# [Extracted data]
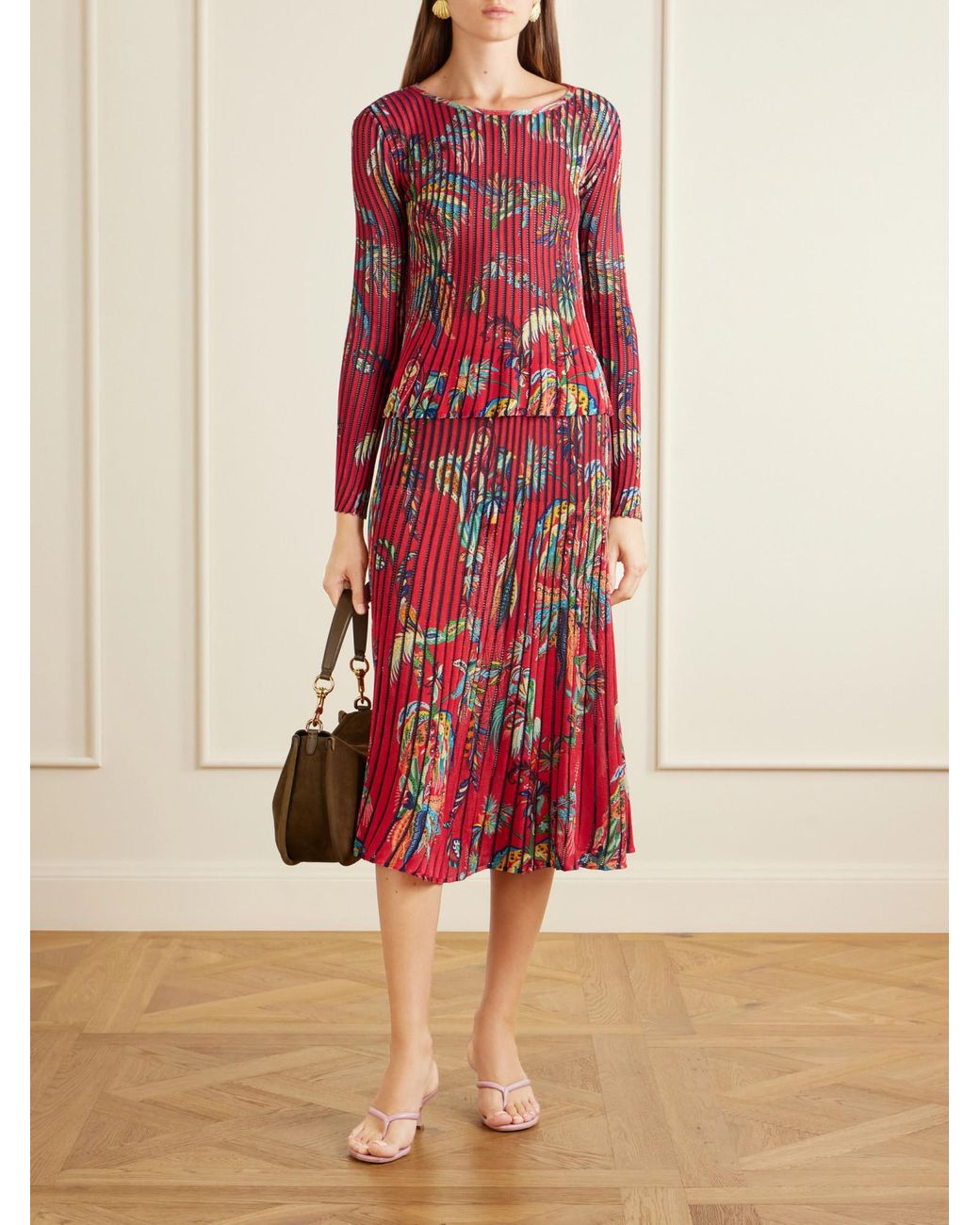 Etro Red Floral-Print Open-Knit Ribbed Blouse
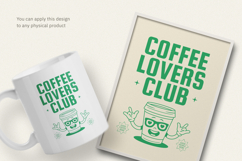 Coffee Lovers Club Modern T-Shirt Design Product Image 3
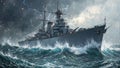 Dramatic image of a massive battleship braving a storm at sea with waves crashing and lightning striking overhead Royalty Free Stock Photo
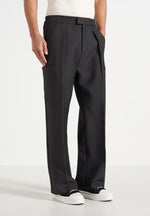 Luca - Relaxed Fit Pleated Pocket Trousers - Grey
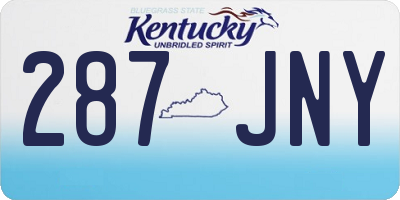 KY license plate 287JNY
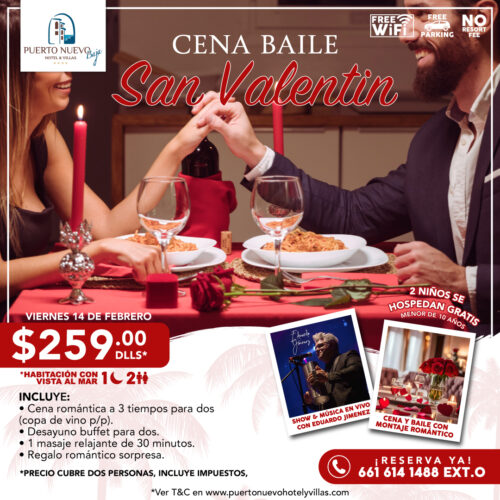 Cena Baile San Valentin en Puerto Nuevo Hotel 2025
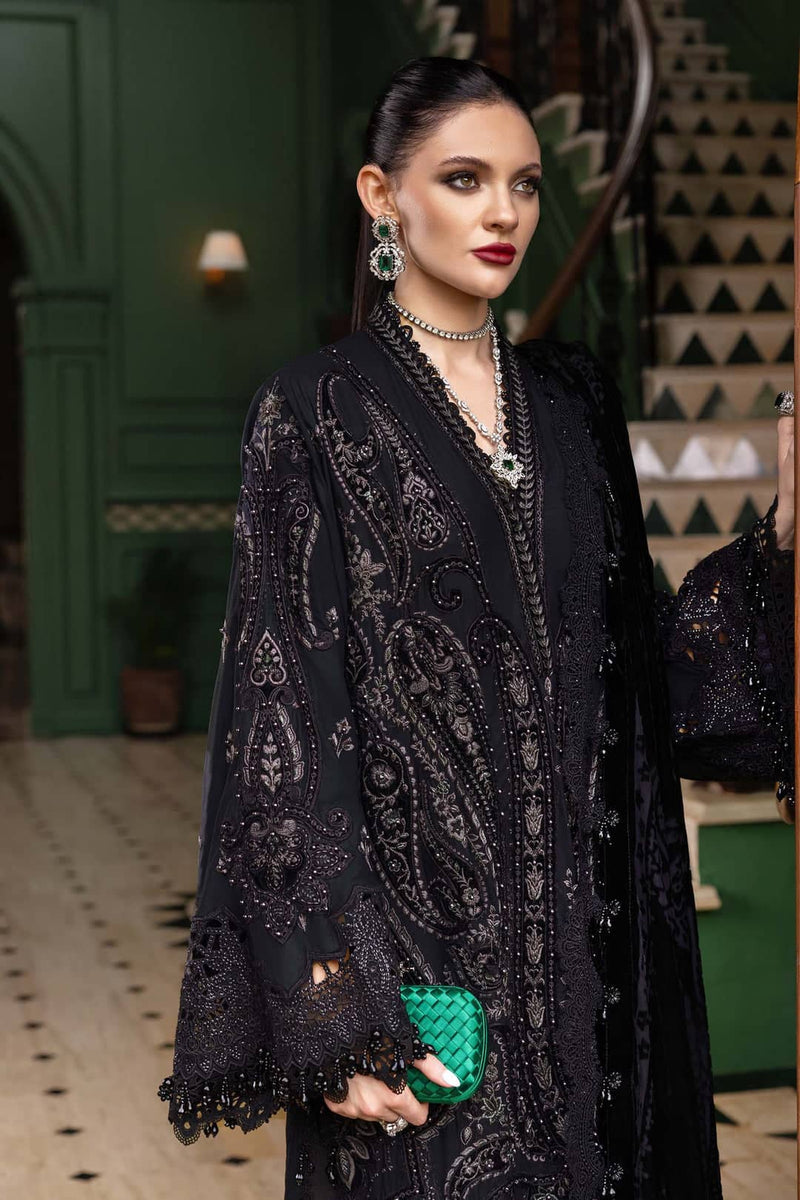 Restocked/Maria B Winter Luxe 25/Embroideried Linen Suit/Velvet Palachi Shawl/07/Black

# [Problem details]
All entries must be output unchanged, with every picture omitted.

# [Exercise solution]
 Etro Red Floral-Print Open-Knit Ribbed Blouse
 Coffee Lovers Club Modern T-Shirt Design Product Image 3
 Dramatic image of a massive battleship braving a storm at sea with waves crashing and lightning striking overhead Royalty Free Stock Photo
 Luca - Relaxed Fit Pleated Pocket Trousers - Grey
 KY license plate 287JNY
 Cena Baile San Valentin en Puerto Nuevo Hotel 2025
 Restocked/Maria B Winter Luxe 25/Embroideried Linen Suit/Velvet Palachi Shawl/07/Black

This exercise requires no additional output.